Eine träge Menüführung ist nie in Ordnung. Egal ob Shooter oder Rollenspiel - Das muss flüssig von der Hand gehen. Das ist bei Skyrim nicht der Fall, aber dafür gibt es ja zum Glück bald Mods. 

Skyrim hat nun mal eben keine großartige Grafik. BF3 ist da deutlich besser. Und ich sage es dir gerne noch einmal: Grafikqualität kann man objektiv messen, nur den Stil bzw. das Artdesign nicht. Und gut heißt: Die Grafik ist gut, aber nicht gerade das, was ich von einem TES erwarte. Das Wasser sieht beispielsweise an Stellen schlechter aus, als in Oblivion und Morrowind. Die mies aufgelösten Texturen kommen noch dazu. Das ist im normalen Gameplay nicht enorm störend, fällt aber recht schnell auf. 



Panorama123 schrieb:


> btw du vergleichst eine große zugängige welt von skyrim mit einer linealen welt von witcher 2? das wird ja immer lächerlicher?....witcher 2 neuer maßstab für rollenspiele roflmao...witcher 1 war besser....



Du mein Lieber, solltest lesen lernen. Ich habe nirgends geschrieben, dass The Witcher 2 neuer Maßstab für Rollenspiele ist (naja, Bethesda könnte sich in Sachen Storytelling da einiges abschauen...). Nur die Grafikengine ist nun mal verdammt gut und das, obwohl die polnischen Entwickler nur auf DX9 gesetzt haben. 



Heih schrieb:


> Na wenigstens hat Skyrim soetwas wie "Physik". Battlefield 3 hingt da 5 Jahre zurück :>



Klasse Physik in Skyrim: Ins Haus rein und erst einmal fliegt der halbe Hütteninhalt durch die Gegend und erschlägt einen fast...


----------



## Konov (20. November 2011)

Razyl schrieb:


> Eine träge Menüführung ist nie in Ordnung. Egal ob Shooter oder Rollenspiel - Das muss flüssig von der Hand gehen.

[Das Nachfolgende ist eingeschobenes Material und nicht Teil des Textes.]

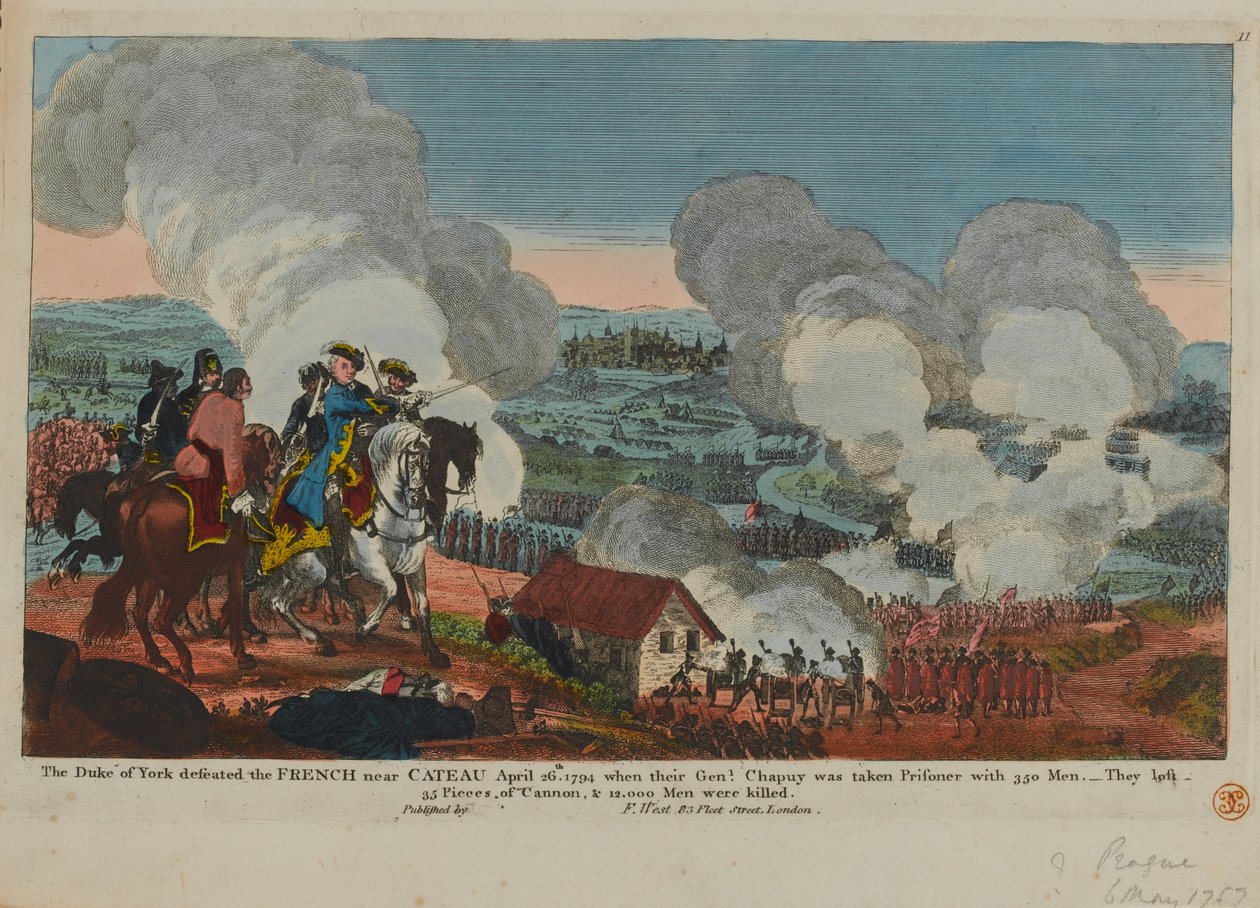 Le duc d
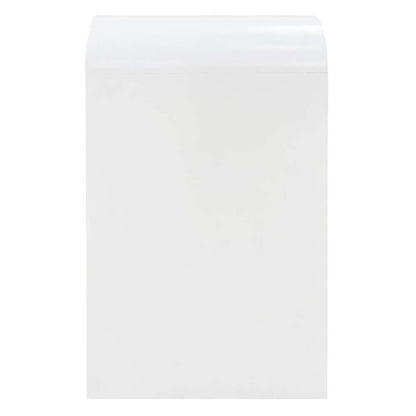 Safavieh - Couture - Liabella 6 Drw Curved Dresser - White - Gold - SFV2144A veiw 3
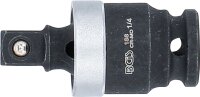 Kraft-Kugelgelenk | 6,3 mm (1/4")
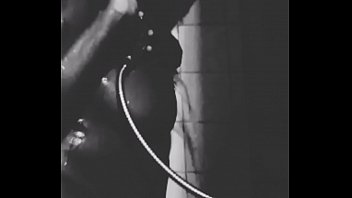 Rubbing kissing and penetrating each others body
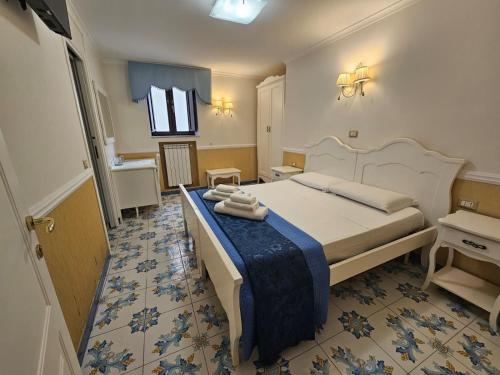 Le Ninfe Luxury Rooms
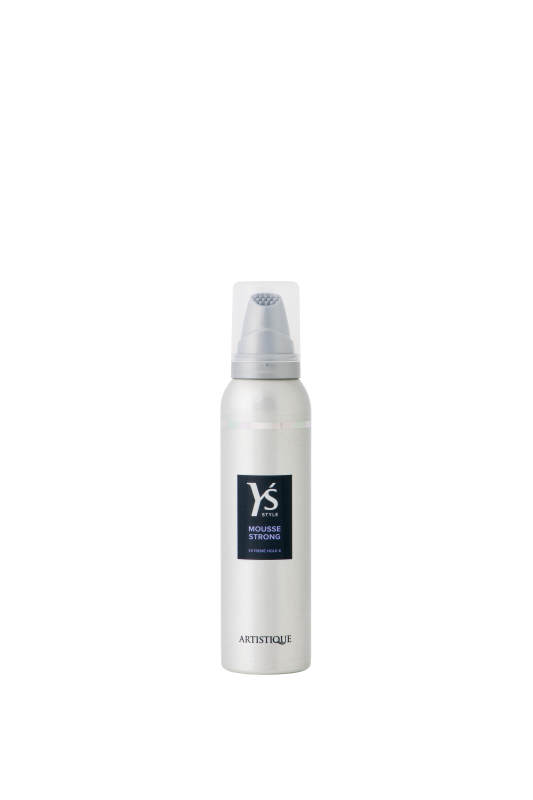You style mousse strong 400ml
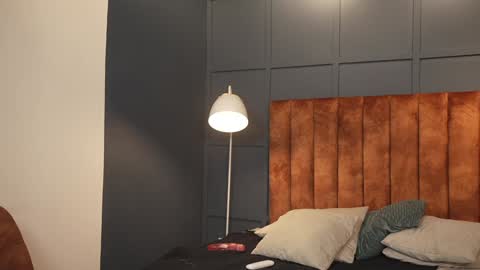 Hermione Scott online show from January 13, 2025, 9:52 pm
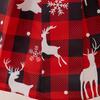 Letné svadobné šaty pre družičky Šaty pre batoľa na krst 5. narodeniny Oblečenie pre bábätká Dievčatko Princezná Svadba Vianoce Detské šaty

Und wer entscheidet das? Du?
Das mag für dich wichtig sein, aber in einem Rollenspiel wo man die meiste Zeit damit verbringt, Dialogen zu lauschen und die Atmosphäre zu erleben, ist meiner Meinung nach eine schnelle Menüführung eindeutig zu vernachlässigen. ^^





Razyl schrieb:


> Skyrim hat nun mal eben keine großartige Grafik. BF3 ist da deutlich besser. Und ich sage es dir gerne noch einmal: Grafikqualität kann man objektiv messen, nur den Stil bzw. das Artdesign nicht. Und gut heißt: Die Grafik ist gut, aber nicht gerade das, was ich von einem TES erwarte. Das Wasser sieht beispielsweise an Stellen schlechter aus, als in Oblivion und Morrowind. Die mies aufgelösten Texturen kommen noch dazu. Das ist im normalen Gameplay nicht enorm störend, fällt aber recht schnell auf.

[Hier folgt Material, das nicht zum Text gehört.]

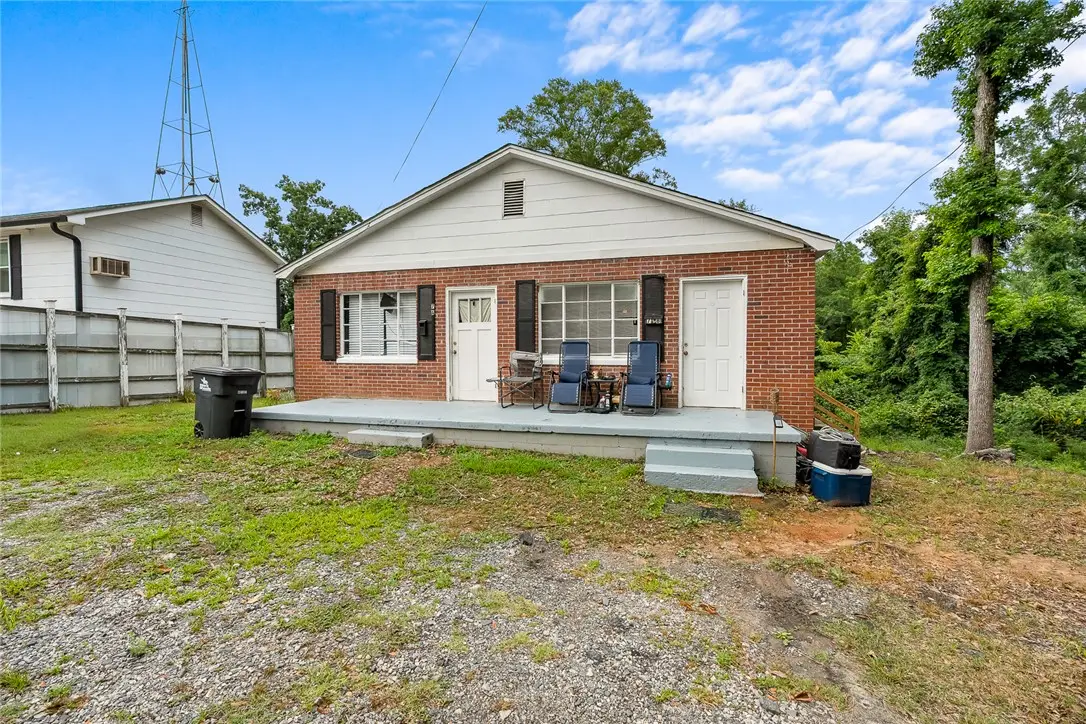 7 Edgewood Drive #A, B, C, Ware Shoals, SC 29692 - #1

Und da muss ich dir weiterhin widersprechen. Wer entscheidet denn, ob Skyrims Grafik "gut" oder "großartig" ist? Du? Auch hier sicherlich nicht du allein. Da kannst du doch nicht behaupten, dass deine Meinung als die allgemeingültige Richtlinie dienen kann 
In meinen Augen ist die Grafik von Skyrim wirklich großartig, und ich hab auch schon viele Spiele gespielt in den letzten 26 Jahren meines Zockerlebens.
Mies aufgelöste Texturen? Schlechtes Wasser? Spielen wir zwei unterschiedliche Spiele? 
Vielleicht solltest du mal die Grafik aufdrehen oder deinen Rechner upgraden  - nein im Ernst, ich kann deinen Standpunkt nicht nachvollziehen. 

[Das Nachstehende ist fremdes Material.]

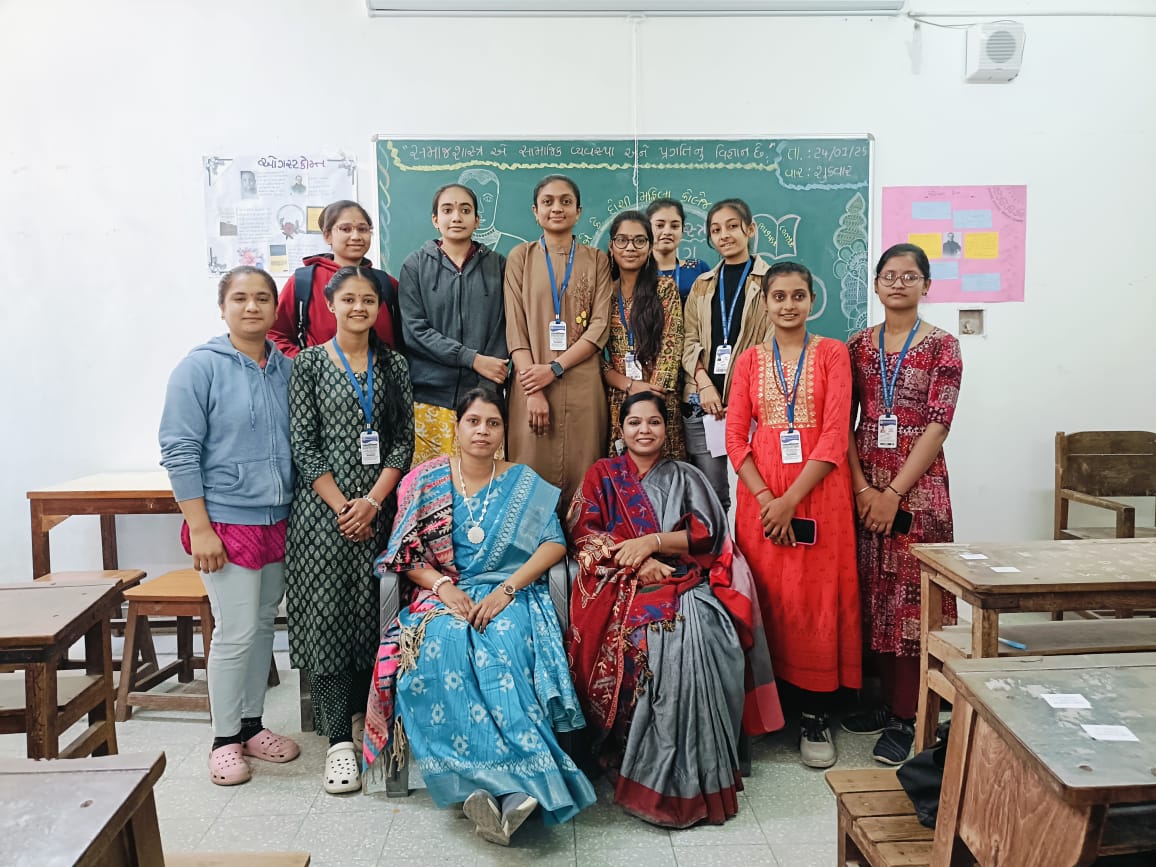 ઓગસ્ટ કોમ્ત જન્મ જયંતિ ની ઉજવણી Photo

Aber du hast eben deine Erfahrungen gemacht und ich meine... denke das kann man so stehenlassen.
Nicht zuletzt die Presse, die Communities weltwelt schwärmen von der tollen Grafik... insofern kann das ja nicht so falsch sein!

Und was das Thema Physik betrifft... naja so eine pauschal unsachliche Aussage wie "der halbe Hütteninhalt erschlägt einen fast" muss man wohl nicht kommentieren 
Ist doch völlig übertrieben. Klar wenn man gegen eine Vase, einen Korb oder einen Kessel rennt, kugelt der erstmal durch die Gegend. Aber weder besonders weit, noch fliegt alles durch die Gegend. 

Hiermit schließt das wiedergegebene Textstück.